Very bad ping - premier set

4 de couv' :
A l'entraînement, en compétition, dans un parc public ou en camping... bienvenue dans les arcanes du ping-pong amateur, un monde fascinant où les jurons et coups bas volent autant que les raquettes.

J'ai adoré ! Mon homme et moi sommes ensemble depuis maintenant 30 ans, je connais donc le monde pongistique depuis notre rencontre. Je me suis totalement retrouvée là-dedans ! Pour ma plus grande hilarité, et celle de mon homme (à qui j'ai offert cette BD, que je lui ai piquée en douce. Chacun son tour).

J'ai retrouvé des attitudes, des situations que nous avons connues. En particulier la fois où, me draguant, il m'annonce qu'il est un sportif, puis qu'il s'agit de tennis de table, et que j'ai éclaté de rire (et de soulagement par la même occasion, j'ai cru être tombé sur un footeux, ça ne me disait rien du tout).
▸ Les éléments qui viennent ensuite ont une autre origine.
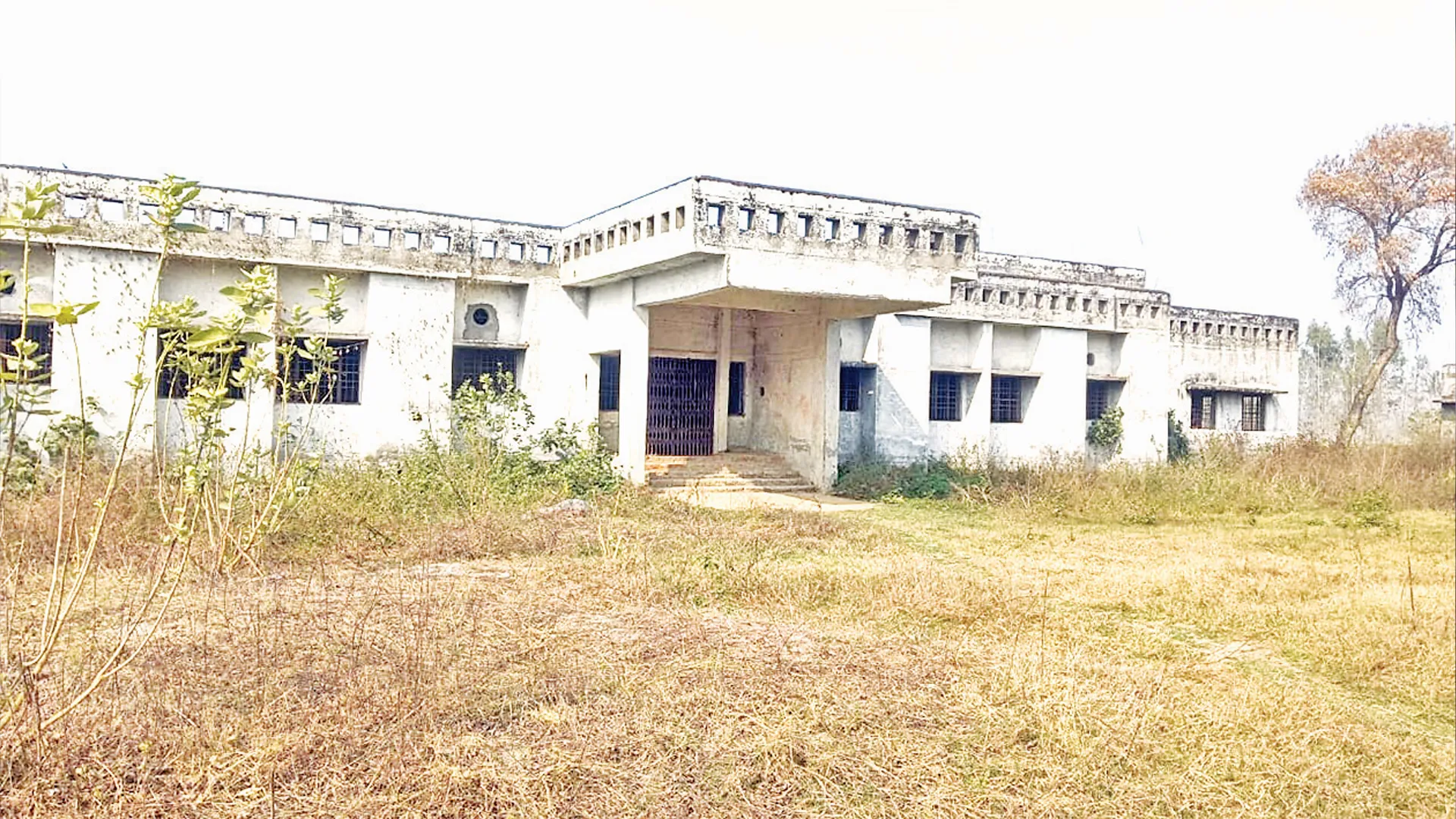 बरेली: दस साल में उग आईं झाड़ियां...तब जाकर आईटीआई के अधूरे भवन निर्माण की ली सुध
La difficulté à trouver une salle, les troisièmes mi-temps pain-charcotte-vin, les jurons en effet que ce soit à l'entraînement ou en match, les passionnés de la petite balle ronde et leur manière de l'exprimer, je peux vous dire que tout est vrai. Légèrement caricaturé car il s'agit ici d'un BD humoristique, mais les auteurs ont parfaitement mis en bulle le réel de ce sport.

Et si vous voulez en savoir plus sur ce sport, c'est par ici et .

Bref, une vraie réussite !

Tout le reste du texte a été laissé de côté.